• WORK ITEM:
The pictures must be left out, while the rest of the data is copied exactly.

• STORED DATA:
★ ★ ★ ★ ★

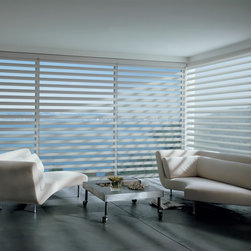 Contemporary White Living Room Custom Window Window Shadings by Hunter Douglas - Window Treatments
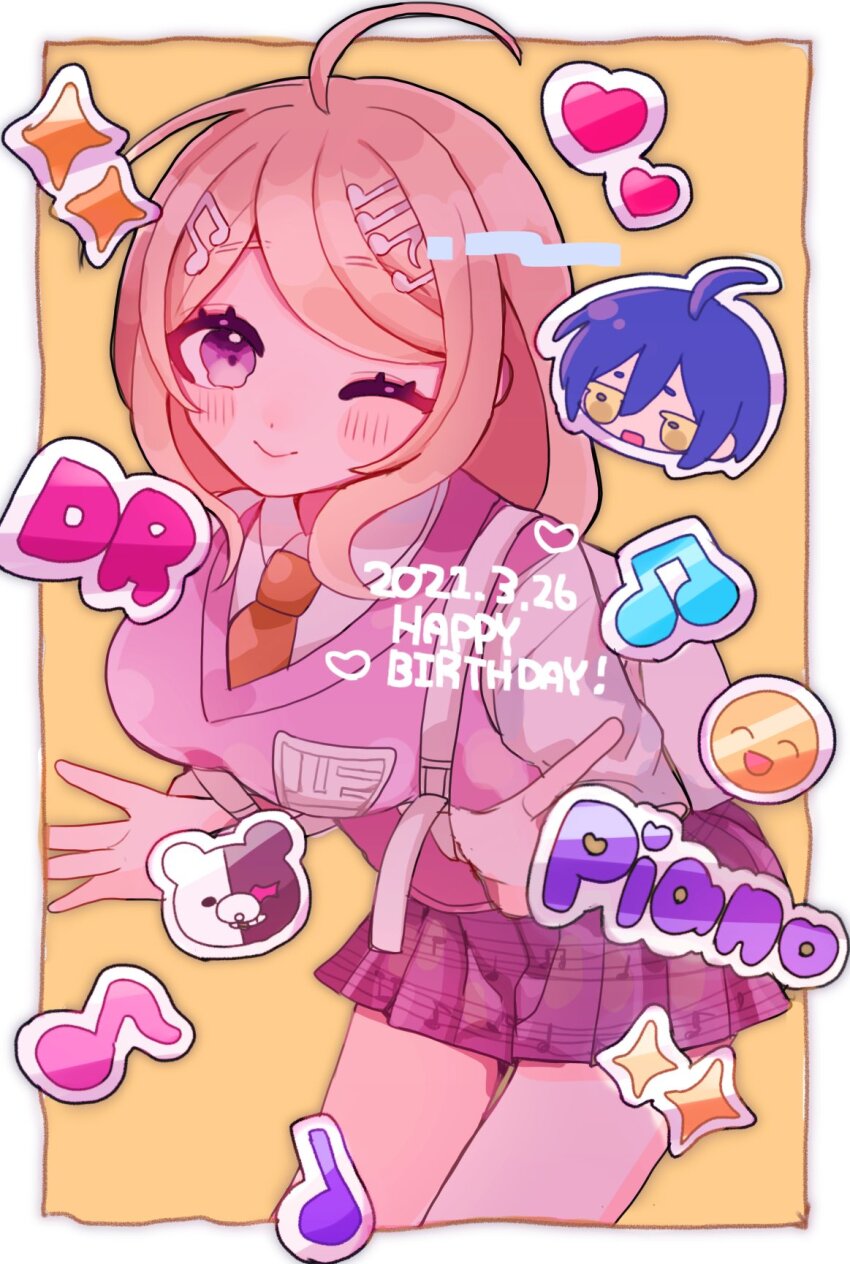 1boy 1girl ahoge akamatsu_kaede ameko53133 backpack bad_id bad_twitter_id bag bear blonde_hair blush_stickers border breasts buckle closed_mouth collared_shirt commentary_request crest danganronpa_(series) danganronpa_v3:_killing_harmony dated dot_nose emoji english_text eyelashes fortissimo hair_ornament happy happy_birthday head_only heart highres large_breasts leaning_forward lips long_hair miniskirt monokuma musical_note musical_note_hair_ornament musical_note_print necktie one_eye_closed orange_necktie outside_border pink_eyes pink_vest pleated_skirt purple_skirt saihara_shuichi shirt sidelocks skirt smile solo_focus sparkle standing thighs v-neck vest white_bag white_border white_shirt yellow_background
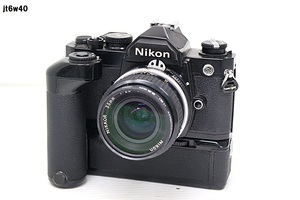 JT6w40 Nikon FM/NIKKORO 35mm F2.8 Aiレンズ/MD-11 カメラ シャッター○ その他動作未確認 60サイズ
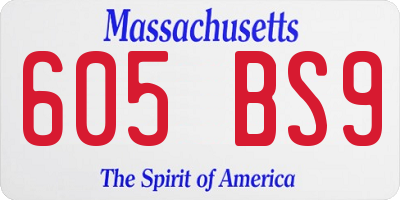 MA license plate 605BS9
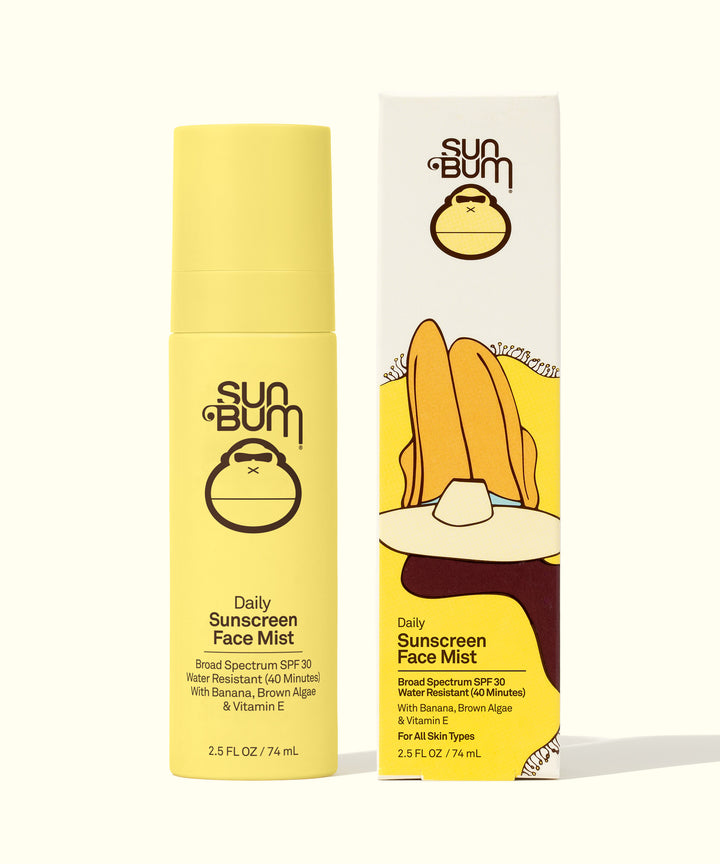 Sun Bum Daily Sunscreen Face Mist SPF 30 product bottle and box on a light background, packed with antioxidant-rich Banana, Brown Algae, and Vitamin E, ideal for protecting against harmful UV rays and refreshing skin throughout the day, also works great as a setting spray, Sun Bum.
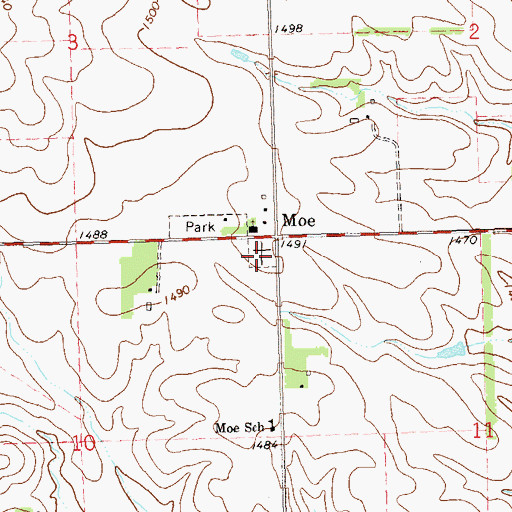 Topographic Map of Lands Lutheran Cemetery, SD
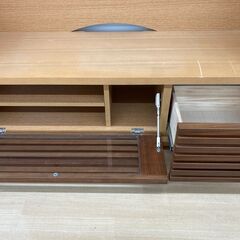 ★ジモティ割引あり★【リユースのサカイ野々市店】 TV台  木目調ブラウン W(幅)120×D(奥行き)36×H(高さ)180cm ※クリーニング済みの画像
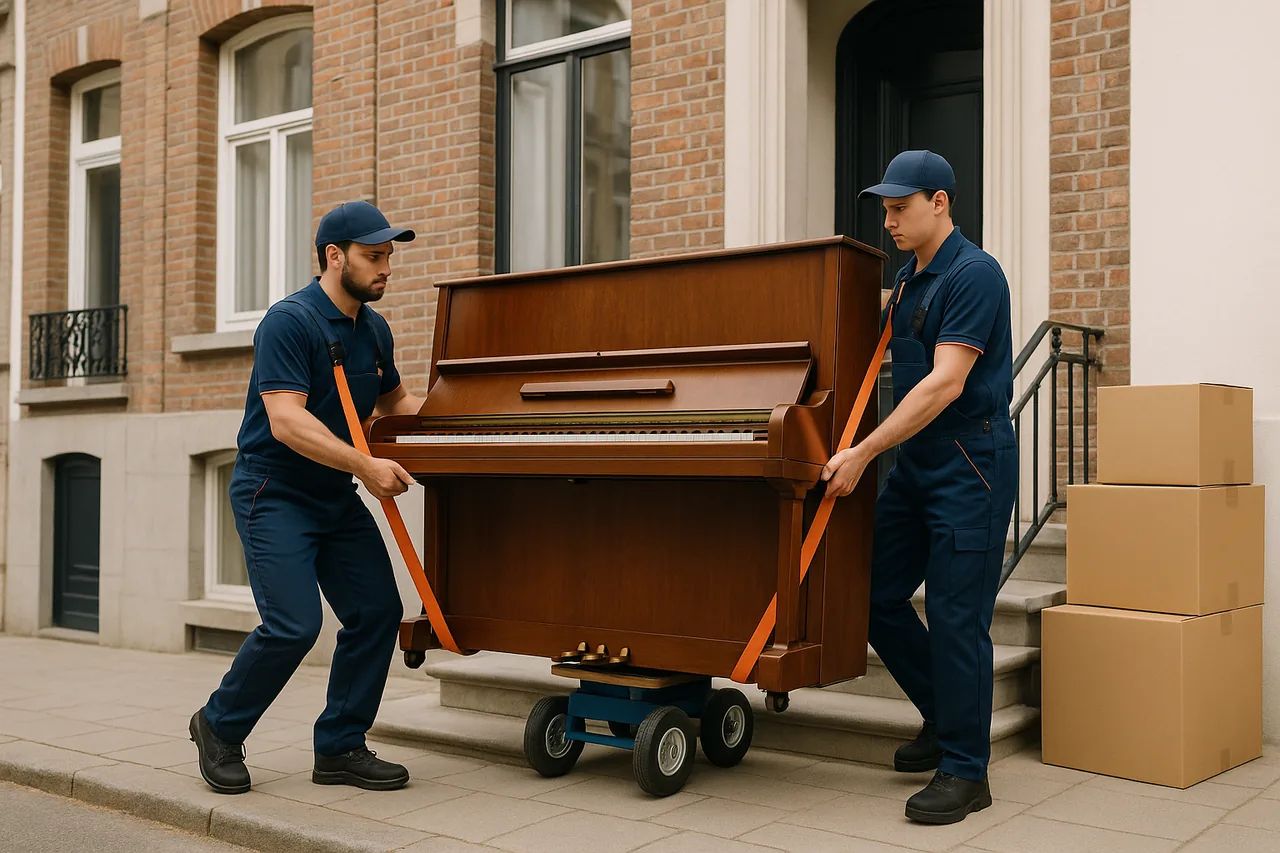 Transport de piano à Bruxelles : déménageurs spécialisés avec sangles et chariot piano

★ ★ ★ ★ ★

• YOUR SOLUTION:
 Contemporary White Living Room Custom Window Window Shadings by Hunter Douglas - Window Treatments
 1boy 1girl ahoge akamatsu_kaede ameko53133 backpack bad_id bad_twitter_id bag bear blonde_hair blush_stickers border breasts buckle closed_mouth collared_shirt commentary_request crest danganronpa_(series) danganronpa_v3:_killing_harmony dated dot_nose emoji english_text eyelashes fortissimo hair_ornament happy happy_birthday head_only heart highres large_breasts leaning_forward lips long_hair miniskirt monokuma musical_note musical_note_hair_ornament musical_note_print necktie one_eye_closed orange_necktie outside_border pink_eyes pink_vest pleated_skirt purple_skirt saihara_shuichi shirt sidelocks skirt smile solo_focus sparkle standing thighs v-neck vest white_bag white_border white_shirt yellow_background
 JT6w40 Nikon FM/NIKKORO 35mm F2.8 Aiレンズ/MD-11 カメラ シャッター○ その他動作未確認 60サイズ
 MA license plate 605BS9
 Sun Bum Daily Sunscreen Face Mist SPF 30 product bottle and box on a light background, packed with antioxidant-rich Banana, Brown Algae, and Vitamin E, ideal for protecting against harmful UV rays and refreshing skin throughout the day, also works great as a setting spray, Sun Bum.
 Topographic Map of Lands Lutheran Cemetery, SD
 ★ジモティ割引あり★【リユースのサカイ野々市店】 TV台  木目調ブラウン W(幅)120×D(奥行き)36×H(高さ)180cm ※クリーニング済みの画像
 Transport de piano à Bruxelles : déménageurs spécialisés avec sangles et chariot piano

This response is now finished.